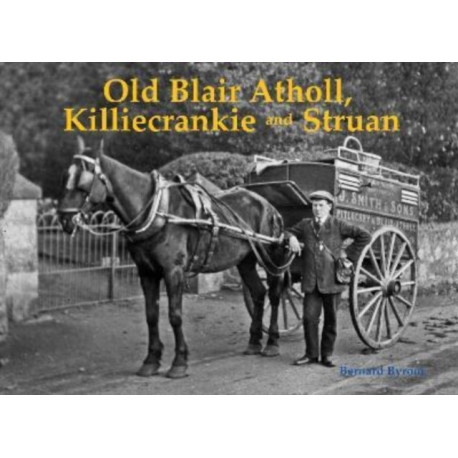 Old Blair Atholl, Killiecrankie and Struan
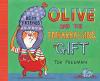 Cover image of Olive and the embarrassing gift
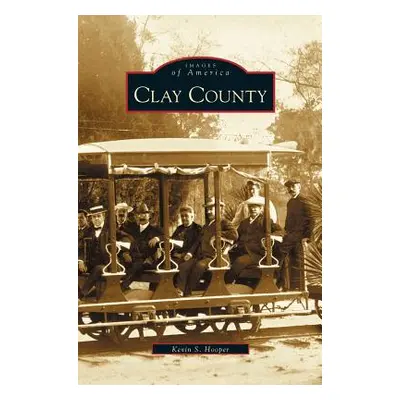 "Clay County" - "" ("Hooper Kevin S.")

▶ [Aim of the task]: The response has to be an exact copy of all the data, pictures excluded.

▶ [Expected answer]:
 Old Blair Atholl, Killiecrankie and Struan
 Cover image of Olive and the embarrassing gift
 "Clay County" - "" ("Hooper Kevin S.")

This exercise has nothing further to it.